Everybody has heard the term but who are stakeholders? Stakeholders seems like one of those “business terms” that everybody throws around, without knowing what the heck they’re talking about. Finding a way to define stakeholders isn’t easy because the definition is vague in and of itself. But, let’s try to explore what a stakeholder is, and how it could be affecting you more than you might think.
Who are Stakeholders?
Big picture, stakeholders are basically anyone who is interested in, or affected by, the performance of your business. This could be workers, clients, creditors, debtors, local business…anything! Stakeholders make up a vast network of people who are simply interested in the performance of your business. Take investors, for example, as they are the perfect example of what a stakeholder is in today’s marketplace. They take their money, put it into your company, and expect their investment to do well. If the company goes under, they are directly affected! In this way, businesses can often have to answer the most to these kinds of stakeholders – since they’re the ones keeping them afloat. In truth, though, anyone can be a stakeholder – as long as their interested in the performance of your company.

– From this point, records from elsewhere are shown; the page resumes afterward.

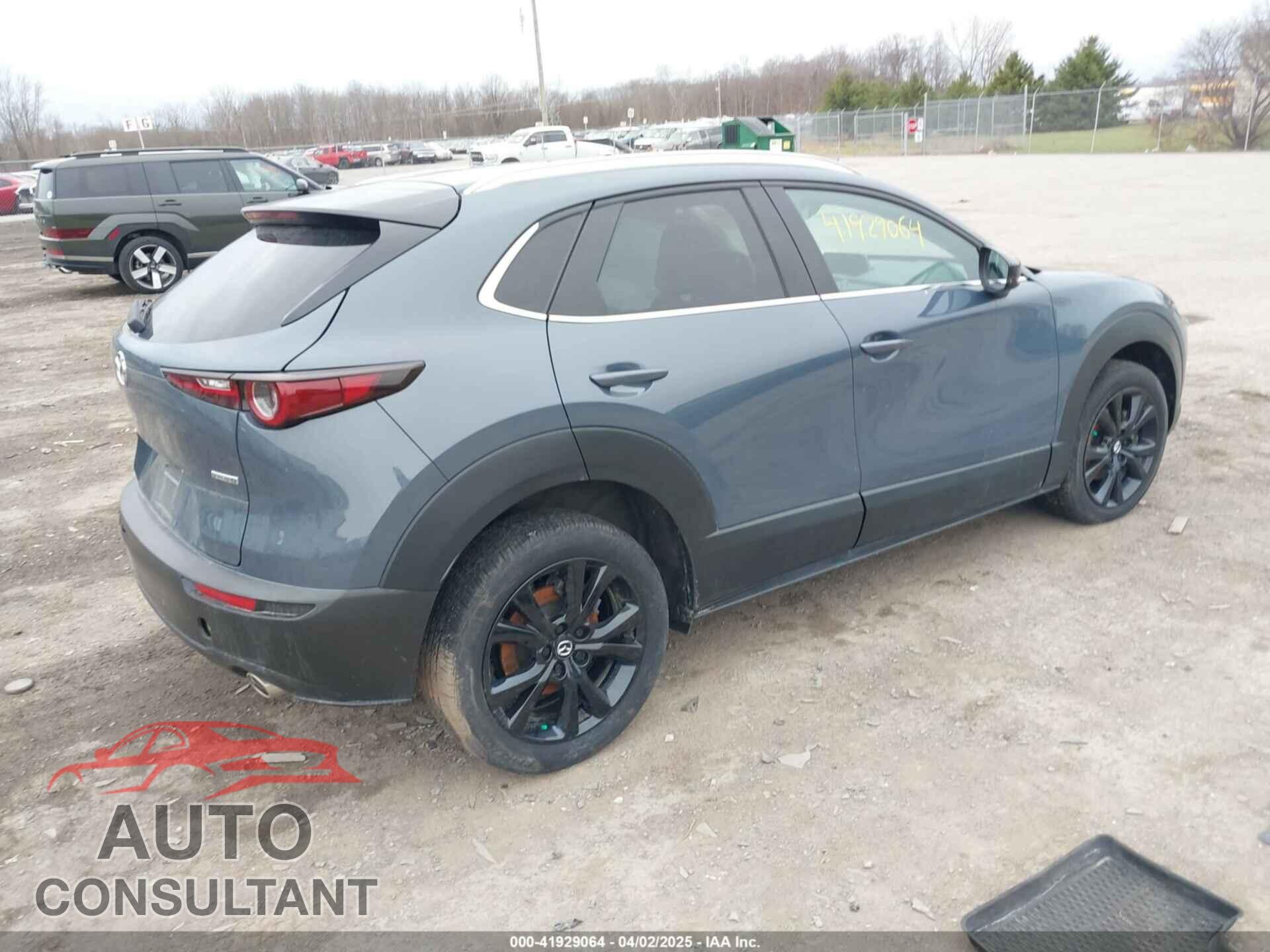 MAZDA CX-30 2024 - 3MVDMBCM2RM618042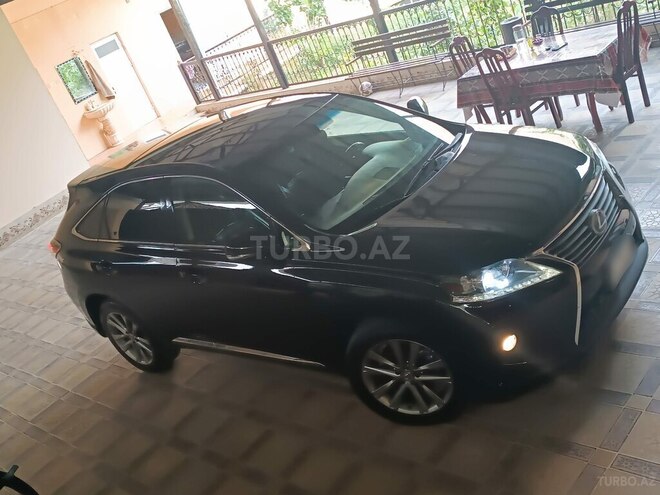 Lexus RX 350 2014, 248,000 km - 3.5 l - İmişli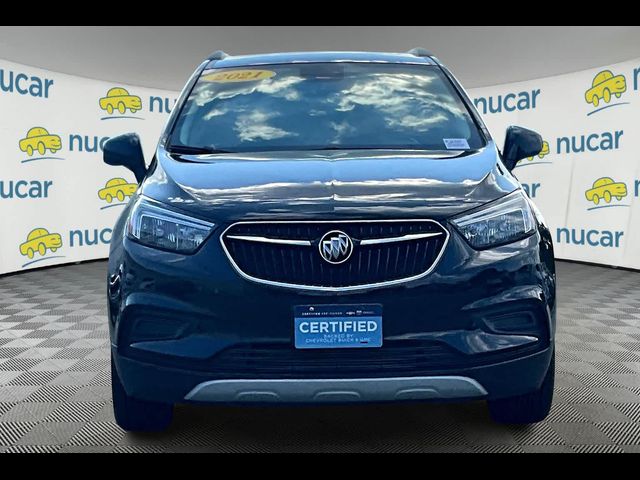 2021 Buick Encore Preferred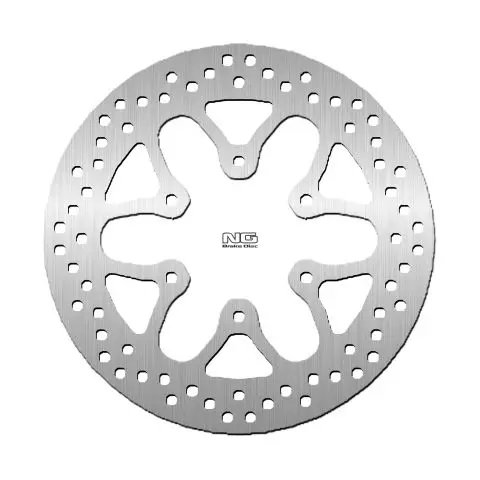 NG přední brzdový kotouč YAMAHA MAXSTER 125/150 01-04 (245X80X4mm) (6X8,5mm) (NG přední brzdový kotouč YAMAHA MAXSTER 125/150 01-04 (245X80X4mm))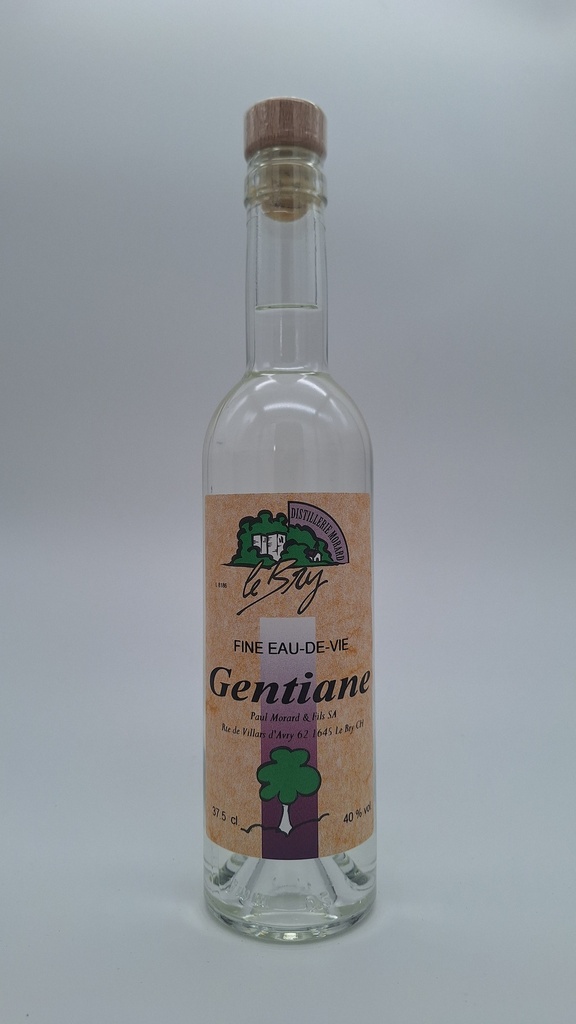 Gentiane
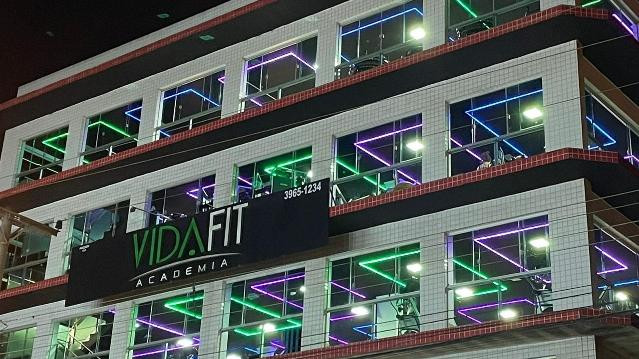 Imagem 1 da galeria do parceiro Vida Fit Academia - Ceilândia Sul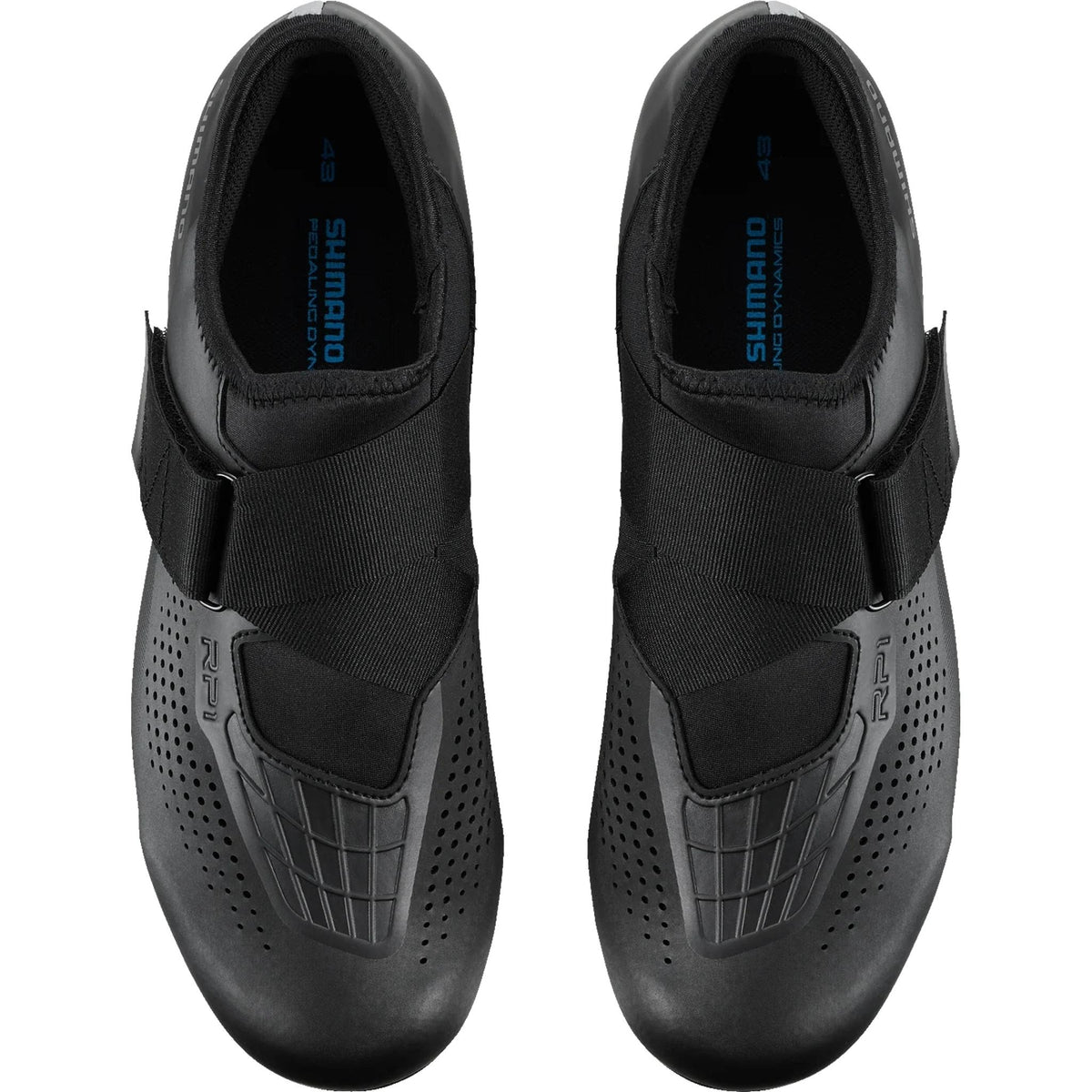Shimano SH-RP102 ROAD SHOES Black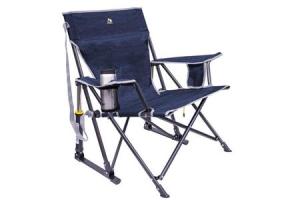 Kickback Rocker-Heathered Indigo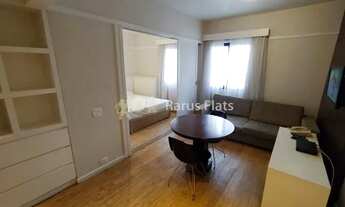 Imagem 4: Flat para locação no Jardins - Edifício Ninety Hotel - Cód. TCP19234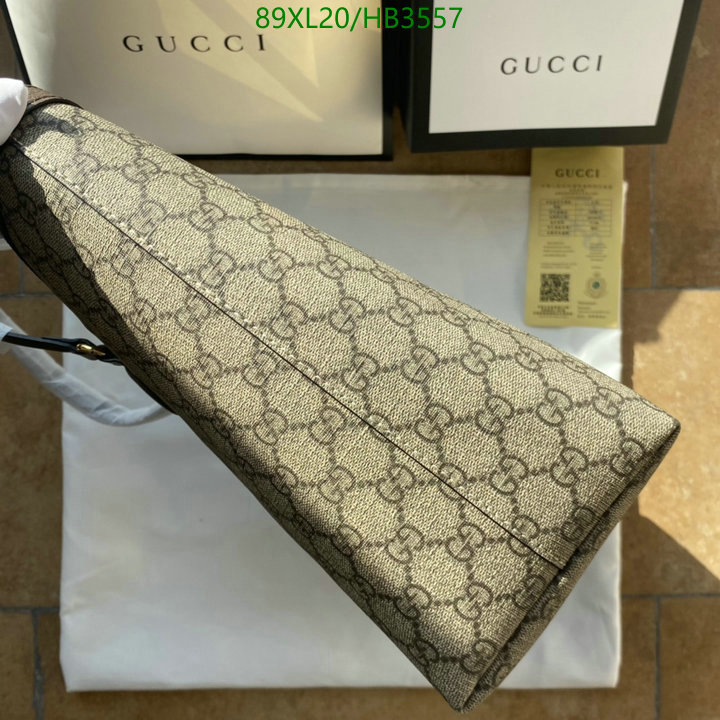 Gucci Bag-(4A)-Ophidia-G,Code: HB3557,$ 116USD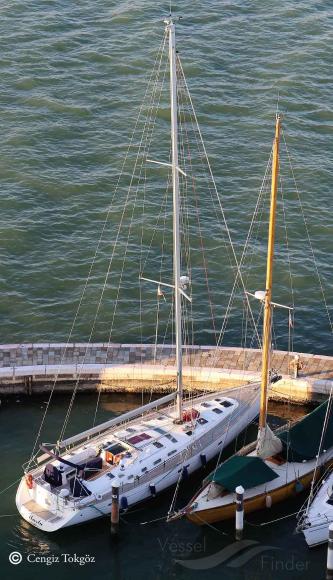 MARLU, Sailing vessel - Details and current position - MMSI 211366700 ...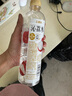 三得利（Suntory）沁系列 添加新西兰蜂蜜 NFC果汁 风味饮料 饮料550ml*15瓶 整箱 沁荔水550ml*15瓶 实拍图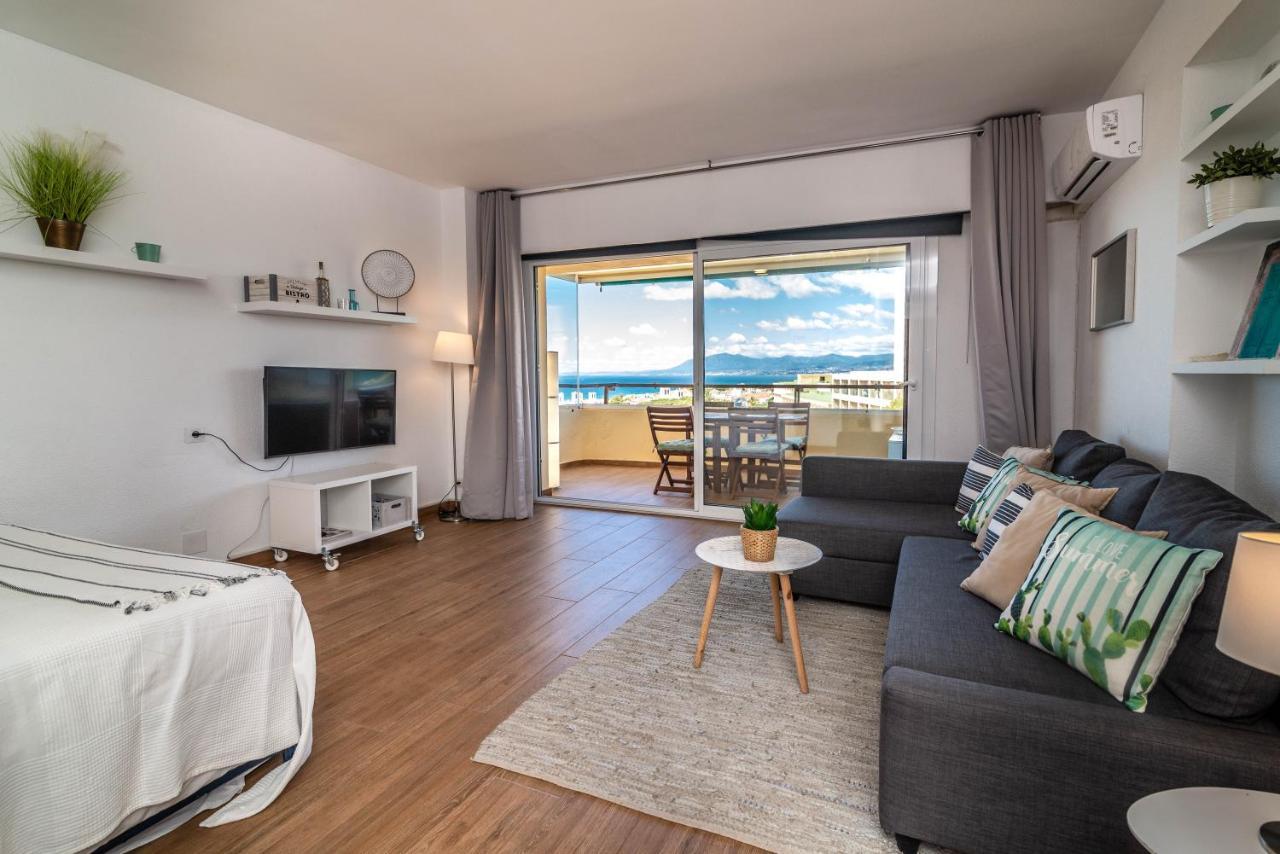 Lxr Recently Reformated Studio Marriot Marbella Luaran gambar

Who else can be a stakeholder?
There can be lots of different “outside stakeholders” who are indirectly involved with the performance of your business. The local economy, and local businesses, for example. If you were to work for a large sports arena, with a prime downtown location, you might have stakeholders in the community who have invested money to start businesses which benefit crowds leaving concerts and sporting events. If your arena goes bankrupt, they also lose their investment – they are the kind of stakeholders who do not directly interact with your business, but who benefit from your business’ existence.
Customers are also stakeholders, especially when they rely on your products or services in their day-to-day lives. If you were the only computer company in the world, people would rely on you to make the best computers possible. If not, they wouldn’t be able to send e-mails, shop online, talk with their friends, or anything else! This means that customers who become reliant on your products are some of the most important stakeholders to hold onto. If they’re not happy, and something else comes along, they might be running off sooner than you think.
How do stakeholders influence my job?
Businesses are in the business of keeping their stakeholders happy. That includes you: the employee! There are investment stakeholders, outside stakeholders and “inside stakeholders” who participate (and benefit) from the success of a company. As the most important stakeholders, employees are most often the ones directly affected by the performance of a business. Your role as a stakeholder can change with your company, in the following ways:
Your Pay – If your company is underperforming, you might start noticing the number on your paycheques getting smaller and smaller! On the other hand, if your company starts seeing green, you might be able to afford that cottage in the hills a lot sooner than you initially expected. Your pay is going to be greatly influenced by the performance of your business, and that’s going to have a large influence on how you feel about your job.
Your Job Security – Depending on the kind of risks your company is looking to take, you might find yourself out of work if things getting a bit too risky. As a stakeholder, you’re going to want to make sure that you have long-term job security wherever you’re working. The same way that an investor might want to pull their money because things are getting a bit dicey, as an employee you need to make sure that your employer has your long-term success at heart. It just makes sense!
Your Role In The Company – Whether you’re looking to get promoted, shifting roles or simply looking to feel like you belong, the performance of your company is going to drastically influence these feelings. If the culture at your company shifts, it’s typically going to be because the vision of key stakeholders has changed. This is going to cause a trickle-down effect, all the way to the performance of your product. It makes sense that how you feel in your role, and even how you feel about your coworkers (who are stakeholders, as well), would change, too.
When you’re looking to find out who are stakeholders in your office, simply look in the mirror! There are so many people who rely on your business, whether inside or outside your office, which can have a direct effect on your job. If a business is supposed to keep their stakeholders happy, then that must include their employees. If you asked us, you’d be the ones most invested in your company’s overall success!